Research Article
Benjamin Wolk
Abstract
Advanced engines can achieve higher efficiencies and reduced emissions by operating in regimes with diluted fuel-air mixtures and higher compression ratios, but the range of stable engine operation is constrained by combustion initiation and flame propagation when dilution levels are high. An advanced ignition technology that reliably extends the operating range of internal combustion engines will aid practical implementation of nextgeneration high-efficiency engines. The microwave-assisted spark plug under development by Imagineering, Inc. of Japan has previously been shown to expand the stable operating range of gasoline-fueled engines through plasmaassisted combustion, but the factors limiting its operation were not well characterized. The present experimental study has two main goals: (1) to investigate the capability of the microwave-assisted spark plug towards expanding the stable operating range of wet-ethanol-fueled engines, and (2) to examine the factors affecting the extent to which microwaves enhance ignition processes. The stability range is investigated by examining the coefficient of variation of indicated mean effective pressure as a metric for instability, and indicated specific ethanol consumption as a metric for efficiency.
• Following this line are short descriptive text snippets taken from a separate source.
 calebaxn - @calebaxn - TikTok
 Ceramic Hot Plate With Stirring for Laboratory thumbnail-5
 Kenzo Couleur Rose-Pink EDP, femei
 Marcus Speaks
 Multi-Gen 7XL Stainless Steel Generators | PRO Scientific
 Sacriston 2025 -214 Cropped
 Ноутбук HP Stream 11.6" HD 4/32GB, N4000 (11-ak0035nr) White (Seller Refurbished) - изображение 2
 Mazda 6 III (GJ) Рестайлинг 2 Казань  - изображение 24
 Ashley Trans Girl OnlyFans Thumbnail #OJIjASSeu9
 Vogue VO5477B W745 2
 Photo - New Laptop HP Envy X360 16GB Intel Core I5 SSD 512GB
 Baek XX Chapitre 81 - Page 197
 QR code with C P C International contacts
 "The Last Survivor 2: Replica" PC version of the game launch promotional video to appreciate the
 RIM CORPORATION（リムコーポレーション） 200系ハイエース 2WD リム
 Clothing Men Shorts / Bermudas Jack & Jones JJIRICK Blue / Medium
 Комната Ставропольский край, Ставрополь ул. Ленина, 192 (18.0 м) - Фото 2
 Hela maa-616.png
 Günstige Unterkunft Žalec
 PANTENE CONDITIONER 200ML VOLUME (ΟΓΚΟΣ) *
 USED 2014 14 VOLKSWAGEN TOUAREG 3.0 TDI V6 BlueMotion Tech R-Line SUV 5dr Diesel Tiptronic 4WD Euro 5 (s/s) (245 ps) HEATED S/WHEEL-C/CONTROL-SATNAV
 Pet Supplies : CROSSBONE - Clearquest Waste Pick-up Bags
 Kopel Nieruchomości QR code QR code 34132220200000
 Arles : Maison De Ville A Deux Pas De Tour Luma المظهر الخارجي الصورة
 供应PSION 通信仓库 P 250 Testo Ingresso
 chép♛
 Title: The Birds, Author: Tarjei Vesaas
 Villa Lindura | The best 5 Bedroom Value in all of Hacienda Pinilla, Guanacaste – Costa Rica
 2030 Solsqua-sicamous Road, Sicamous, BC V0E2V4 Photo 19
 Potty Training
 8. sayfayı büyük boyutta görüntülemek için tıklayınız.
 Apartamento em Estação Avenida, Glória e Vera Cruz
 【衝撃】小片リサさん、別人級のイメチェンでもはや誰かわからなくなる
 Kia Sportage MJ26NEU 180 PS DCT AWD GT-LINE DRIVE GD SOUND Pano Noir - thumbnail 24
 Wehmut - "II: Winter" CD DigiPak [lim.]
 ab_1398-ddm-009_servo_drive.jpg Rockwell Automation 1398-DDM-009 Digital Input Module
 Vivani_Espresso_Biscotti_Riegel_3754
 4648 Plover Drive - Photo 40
Engine efficiency improved when the engine was run at slightly-lean air-fuel ratios, with the onset of instability eventually eliminating efficiency gains associated with lean-burn when mixtures become too dilute. Microwave-assisted ignition reduced dilution-triggered instability, improving efficiency compared to unstable spark-only operation at ultra-lean conditions. Microwave-assisted spark also promotes faster average early flame kernel development when un-enhanced flame kernel development is sufficiently slow. Correlations between microwave-assisted flame development enhancement and calculated in-cylinder parameters suggest a relation between enhancement and the amount of energy deposited into the flame kernel, but scatter prevented derivation of a unifying empirical correlation governing all tested cases.